Moody`s warns of cutting of credit rating of other EU countries
Baku, October 6 (AZERTAC). Moody`s Investors Service cut Italy`s bond ratings by three notches on Tuesday, saying it saw a "material increase" in funding risks for euro zone countries with high levels of debt.
Moody`s downgraded Italy`s ratings to A2 from Aa2, a lower rating than that of Estonia, and kept a negative outlook on the rating, a sign that further downgrades are possible within the next few years.
The move comes after Standard and Poor`s cut its rating on Italy to A/A-1 from A+/A-1+ on September 19 and underlines growing investor uncertainty about the euro zone`s third largest economy, which is now firmly at the center of the debt crisis.
"The negative outlook reflects ongoing economic and financial risks in Italy and in the euro area," Moody`s said in a statement.
Italy`s mix of chronically low growth, a huge public debt amounting to 120 percent of gross domestic product and a struggling government coalition has caused mounting alarm in financial markets.
The Moody`s decision came as little surprise after the agency said on September 17 that it would finish a review for possible downgrade of its rating on Italy within a month.
Moody`s said the likelihood of a default by Italy was "remote," but the overall shift in sentiment on the euro area funding market implied a greater vulnerability to a loss of market access at affordable interest rates.
Italy`s borrowing costs have soared over the past three months and have only been kept under control by the European Central Bank`s purchase of its government bonds on secondary markets.

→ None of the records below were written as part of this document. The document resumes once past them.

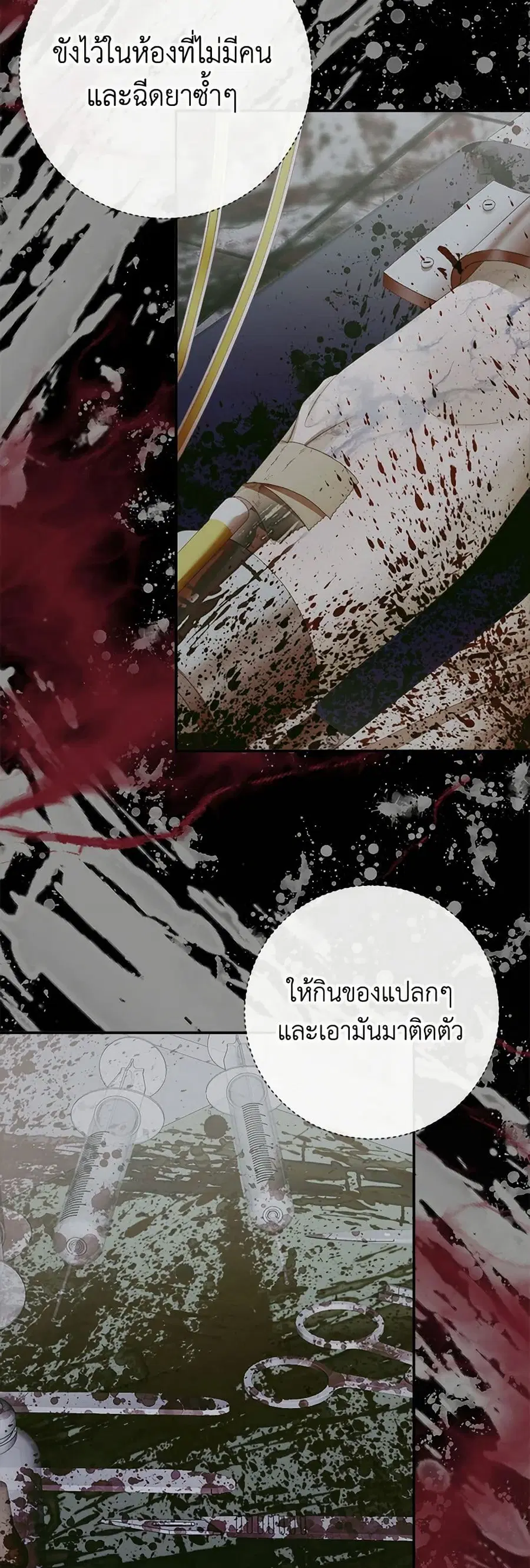 Becoming The Villain’s Family ตอนที่ 115 หน้า 19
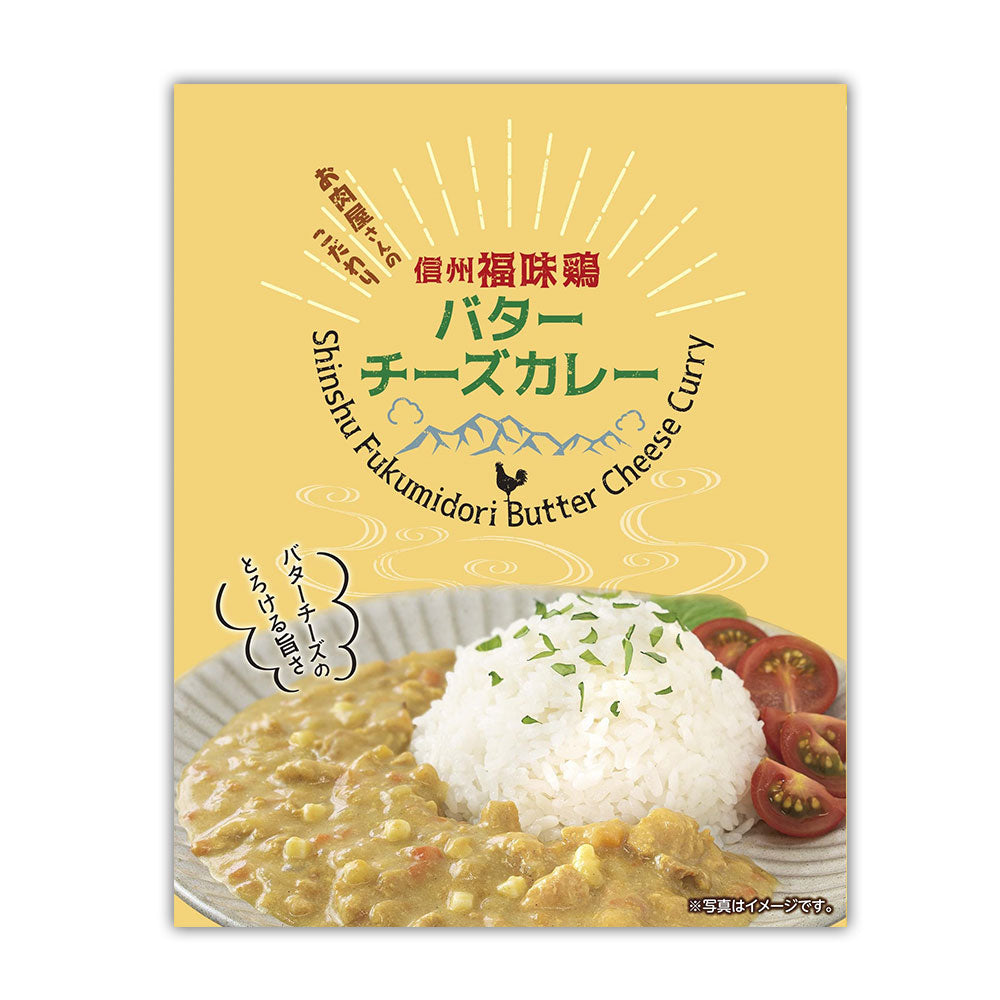 長野 お肉屋さんのこだわり 信州福味鶏バターチーズカレー カレー レトルト【送料込み】【二重包装不可】【お届け不可地域：離島】
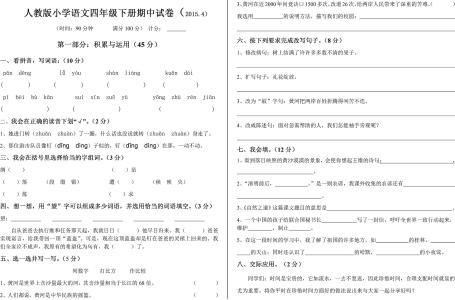 三年级上学期试卷2016 2016新人教版四年级上学期语文试卷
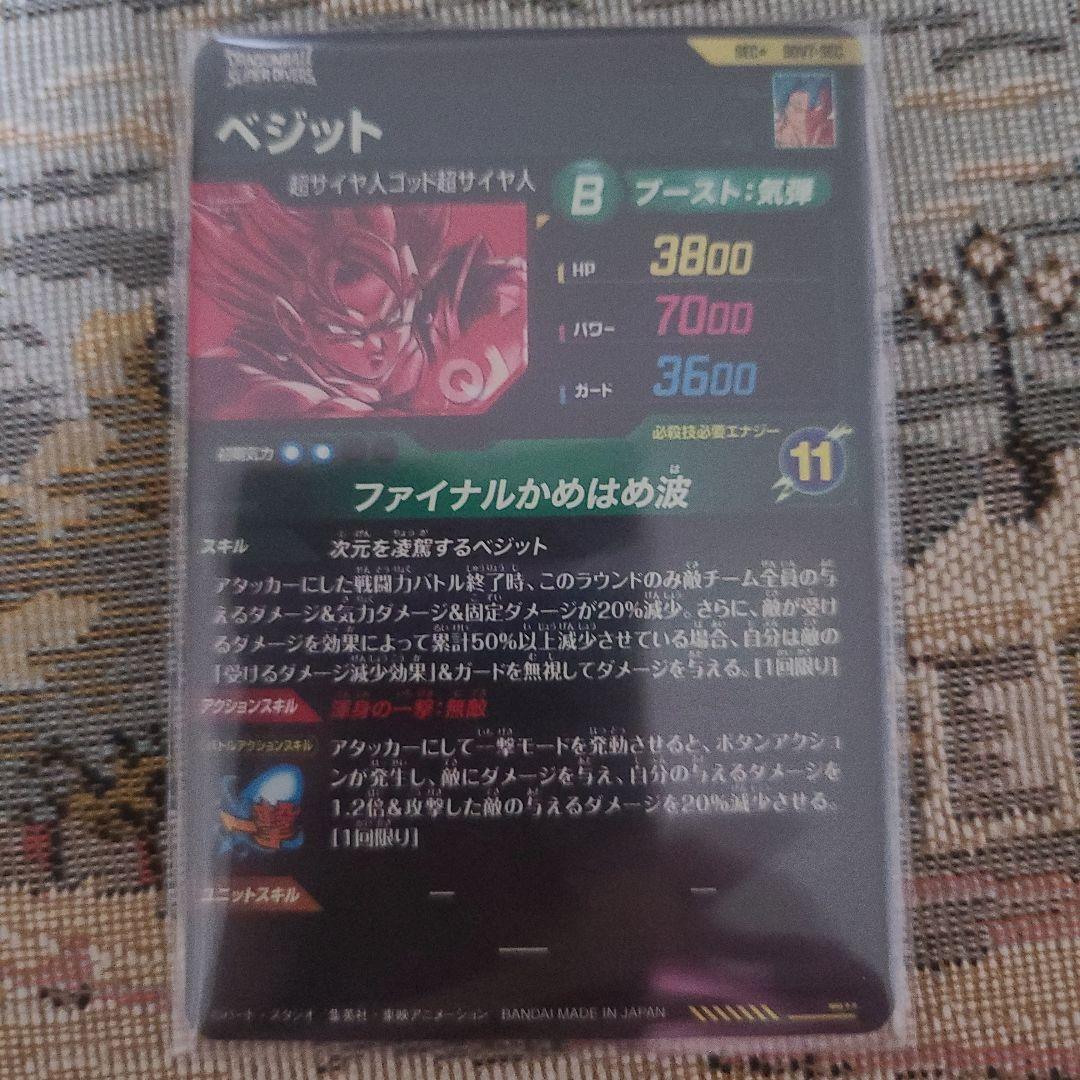 ドラゴンボールダイバーズ　SDV7-SEC　ベジット　パラレル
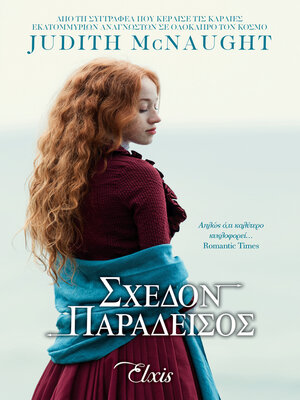 cover image of Σχεδόν Παράδεισος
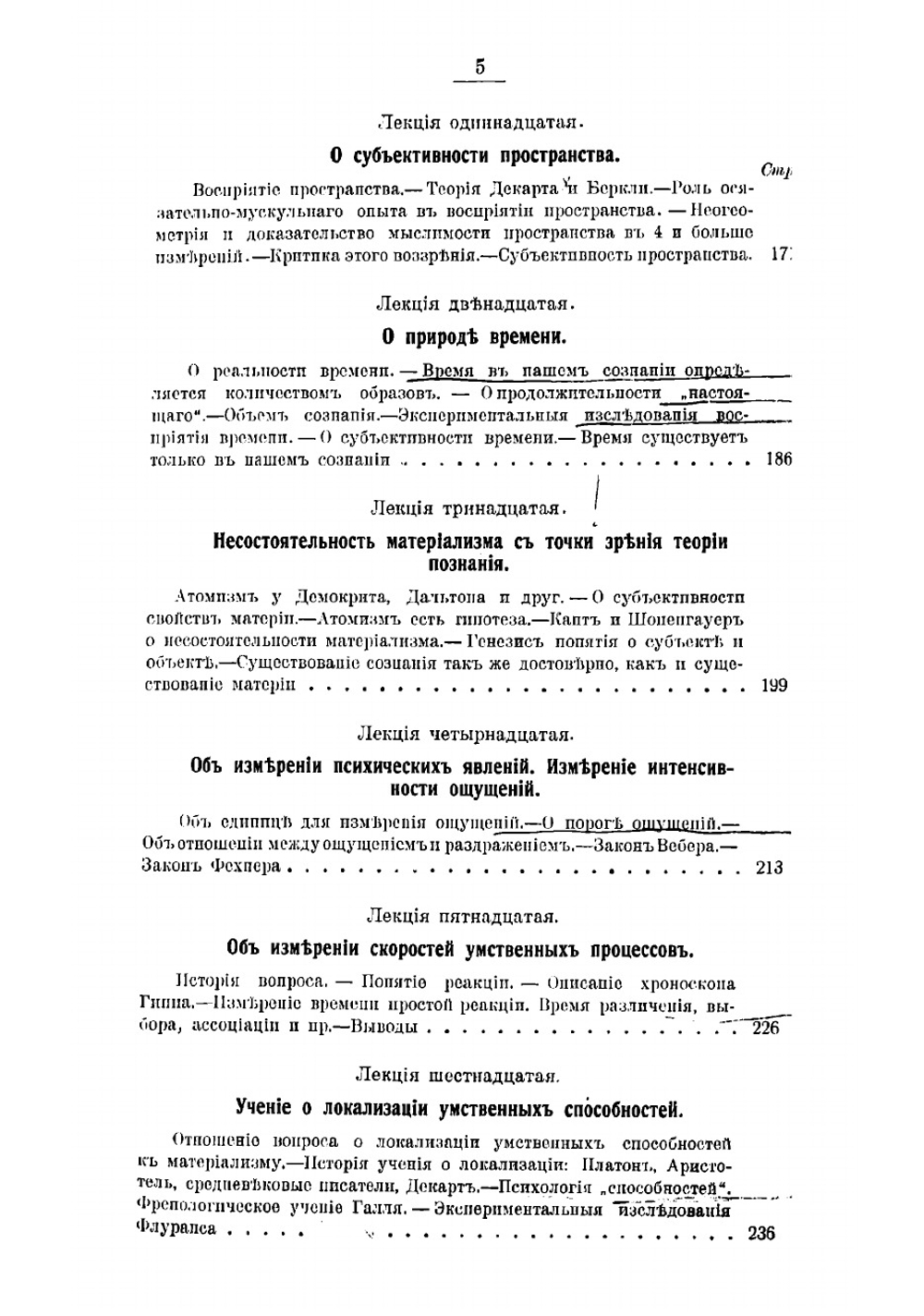 Мозг и душа. Критика материализма и очерк современных учений о душе | Челпанов Георгий Иванович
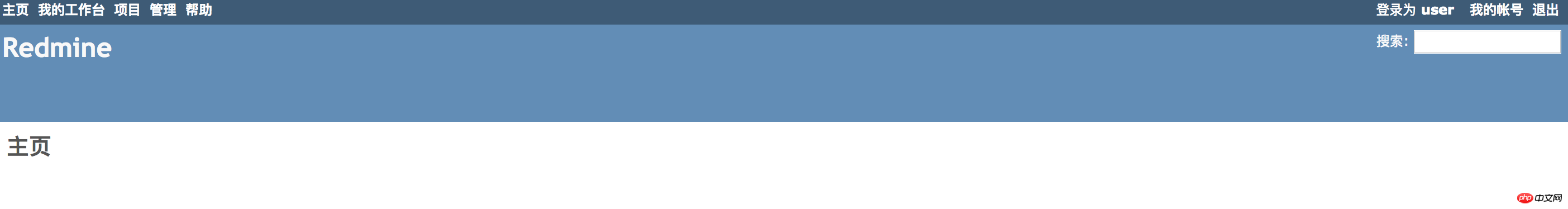 Linux使用bitnami安装redmine的图文教程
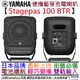 分期免運 贈線材組 三葉 Yamaha STAGPEAS 100 BTR 100瓦 雙軌 攜帶式 音響 喇叭 可充電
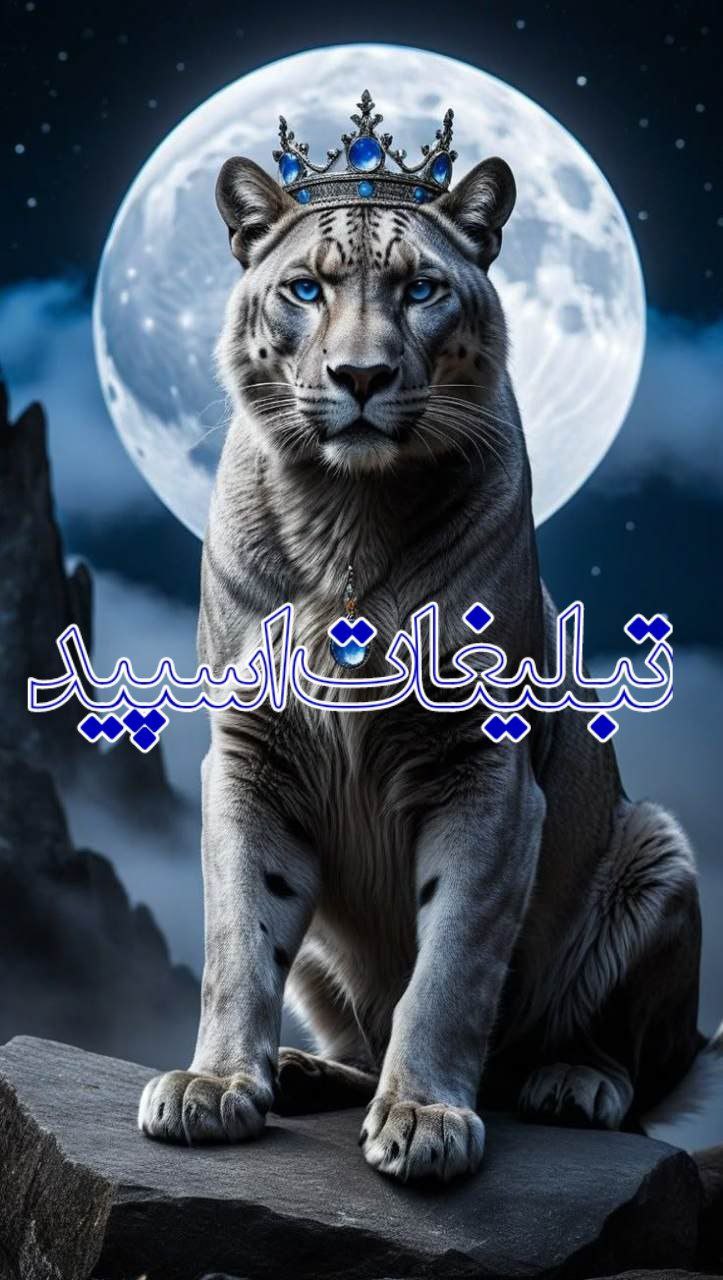 فصل رفاقت 🍁❤️ (5)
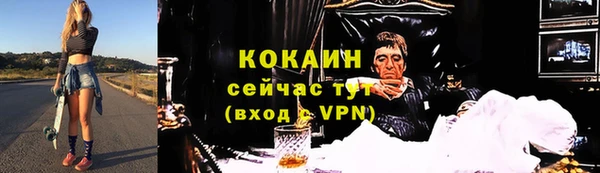 прущий лед Новодвинск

An auction of long-term bonds last month saw yields on 10 year BTPs rise to 5.86 percent, their highest level since the introduction of the euro more than a decade ago. It is now expecting the economy to expand by just 0.6 percent next year, down from a previous projection of 1.3 percent. The government last month pushed through a 60 billion euro austerity package -- bringing forward by one year to 2013 a goal to balance its budget -- in return for support for its battered government bonds from the ECB.